Wolf Tree was a finalist for the Pat Lowther Memorial Award for the best book of poetry by a Canadian woman (2008), a finalist for the Gerald Lampert Memorial Award for the best first book of poetry by a Canadian (2008), and winner of the Aqua Books Lansdowne Poetry Prize at the Manitoba Writing and Publishing Awards. Calder was awarded the Bronwen Wallace Award in 2004.

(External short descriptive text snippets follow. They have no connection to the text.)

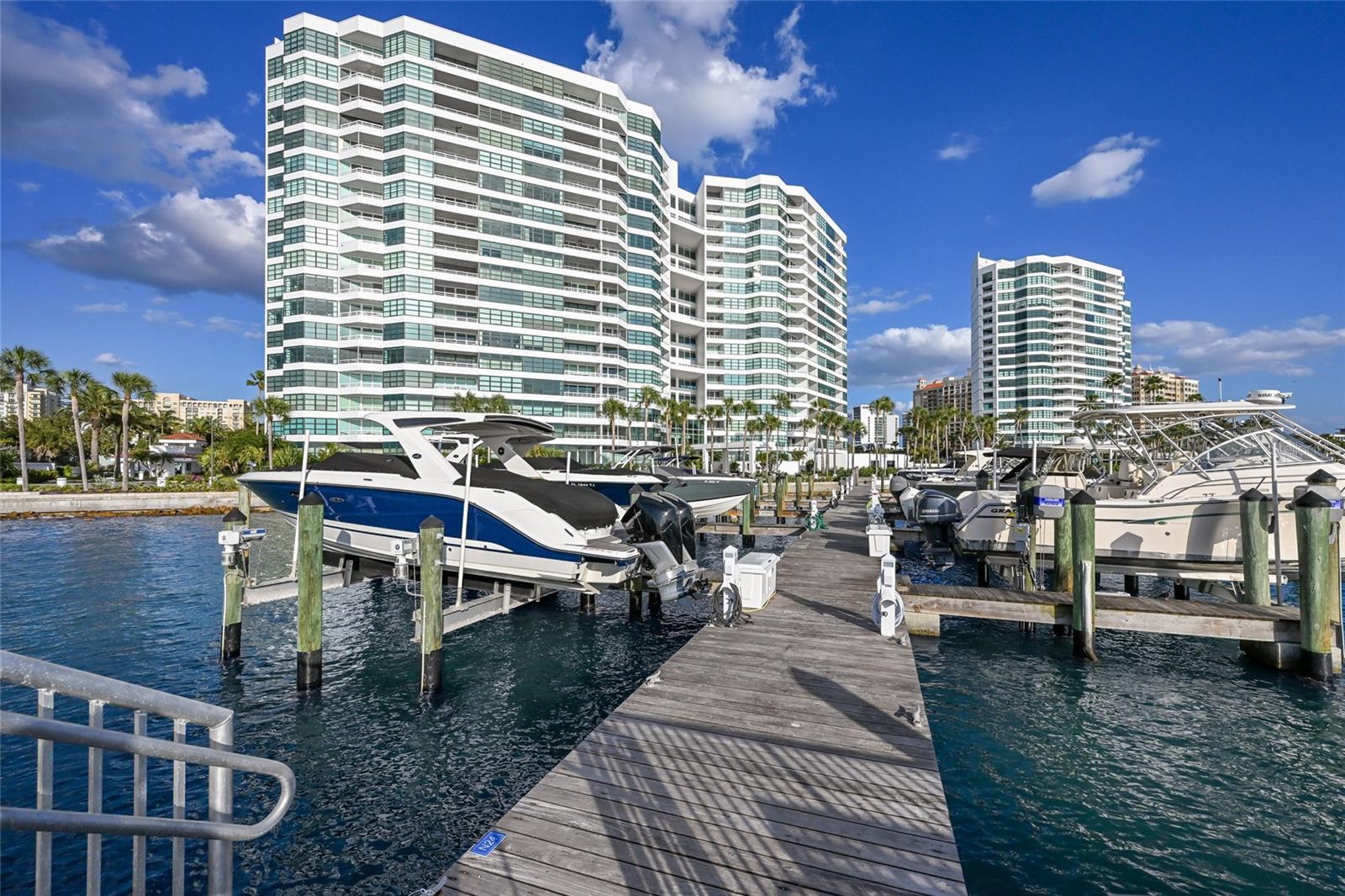 CONDO ON THE BAY TOWER II - Residential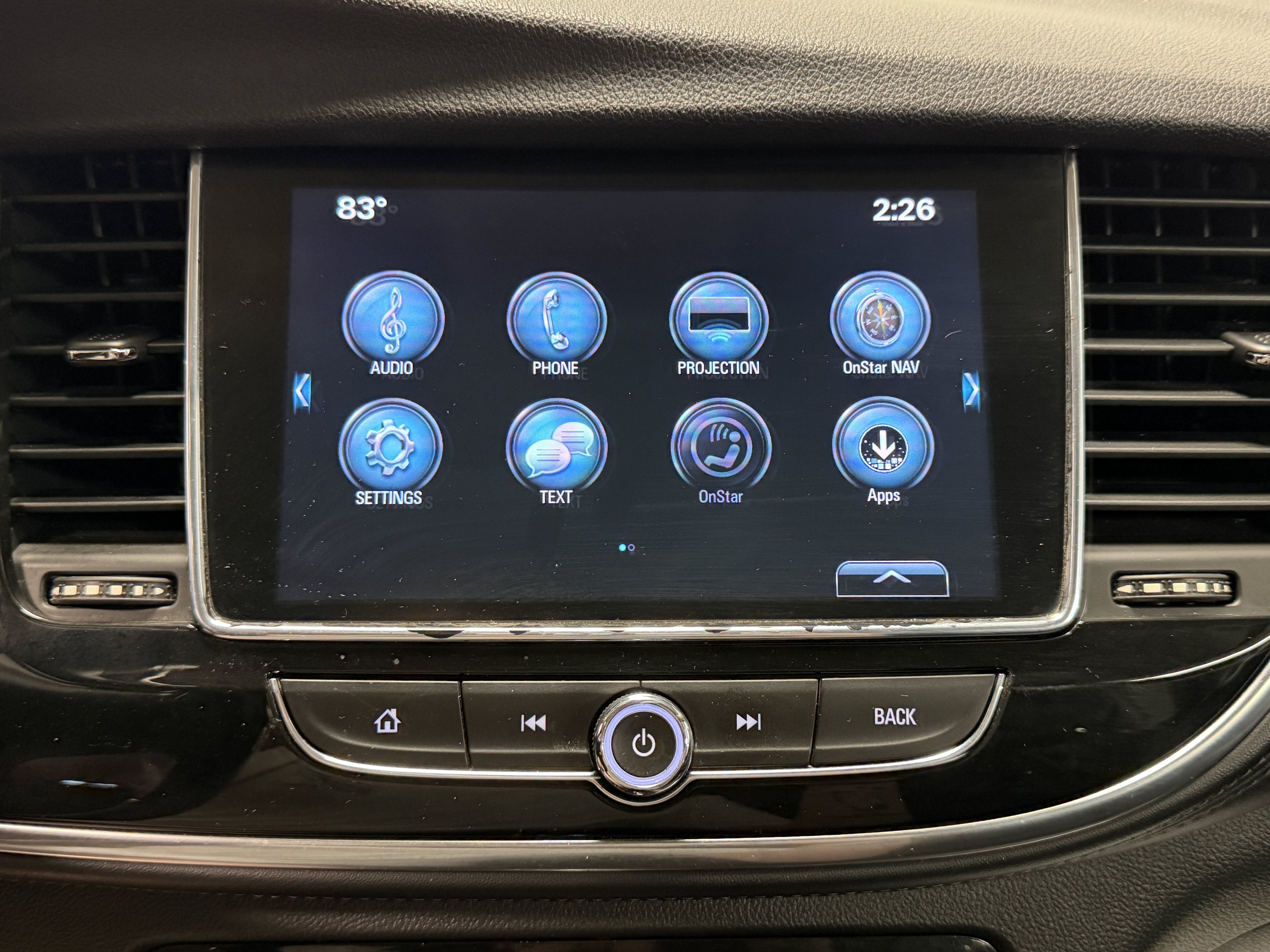 Used 2017 Buick Encore Preferred FWD image 6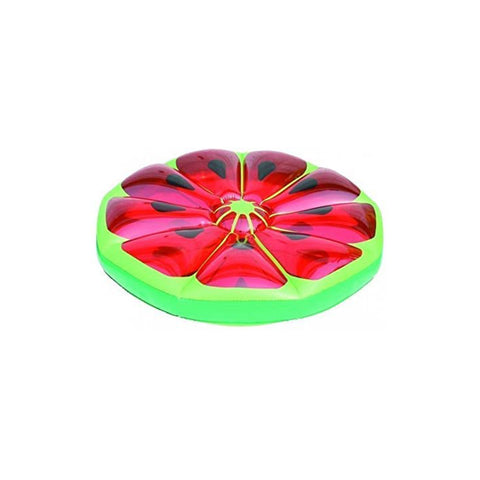 Watermeloen-luchtbed 130 cm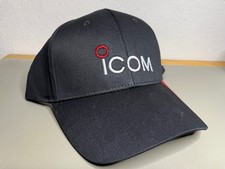 ICOM Basecap für alle OPs - Farbe: schwarz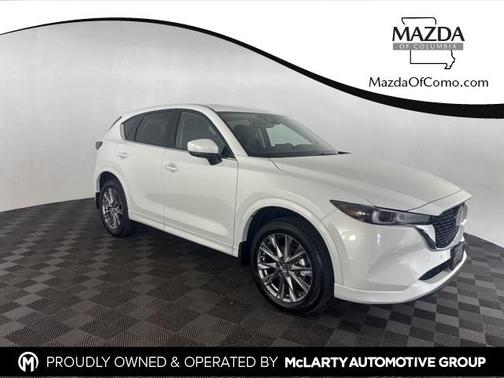 2025 Mazda CX-5 2.5 S Premium Plus Package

Alison Calder is also an influential critic of Canadian literature, particularly in the field of regionalism. In 1996, she completed a PhD dissertation entitled "The Lie of the Land: Regionalism, Environmental Determinism, and the Criticism of Canadian Prairie Writing" under the direction of renowned Canadian poet and critic Frank Davey. Since then, she has published a collection of essays entitled History, Literature, and the Writing of the Canadian Prairies (2005) and edited collections by Tim Lilburn and Frederick Philip Grove. Alison Calder expresses concern over the death of the professional critic and the rise of the ignorant one: "Why should writers now have to aim to reach the lowest common denominator? I don't want to hear what celebrities have to say about my writing - I want to hear what readers have to say about it, and if they happen to be celebrities, that's fine too. Maybe it's good that poetry increasingly happens in small and secret places." Calder is an Associate Professor in the English Department at the University of Manitoba. She lives in Winnipeg with her husband, Warren Cariou.